Human Action CLIPs: Detecting AI-generated Human Motion
- URL: http://arxiv.org/abs/2412.00526v2
- Date: Sun, 22 Jun 2025 18:13:18 GMT
- Title: Human Action CLIPs: Detecting AI-generated Human Motion
- Authors: Matyas Bohacek, Hany Farid,
- Abstract summary: We describe an effective and robust technique for distinguishing real from AI-generated human motion using multi-modal semantic embeddings.<n>This method is evaluated against DeepAction, a custom-built, open-sourced dataset of video clips with human actions generated by seven text-to-video AI models and matching real footage.
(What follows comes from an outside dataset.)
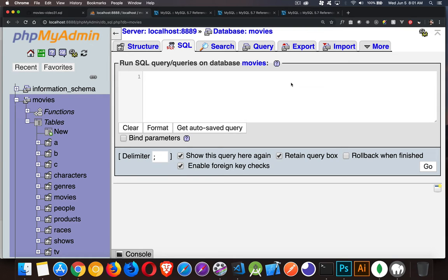So next up in the MySQL series, we're going to be talking about views. What are they? How do you create them? How do you use them?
- Score: 13.106063755117399
- License: http://creativecommons.org/licenses/by/4.0/
- Abstract: AI-generated video generation continues its journey through the uncanny valley to produce content that is increasingly perceptually indistinguishable from reality. To better protect individuals, organizations, and societies from its malicious applications, we describe an effective and robust technique for distinguishing real from AI-generated human motion using multi-modal semantic embeddings. Our method is robust to the types of laundering that typically confound more low- to mid-level approaches, including resolution and compression attacks. This method is evaluated against DeepAction, a custom-built, open-sourced dataset of video clips with human actions generated by seven text-to-video AI models and matching real footage. The dataset is available under an academic license at https://www.huggingface.co/datasets/faridlab/deepaction_v1.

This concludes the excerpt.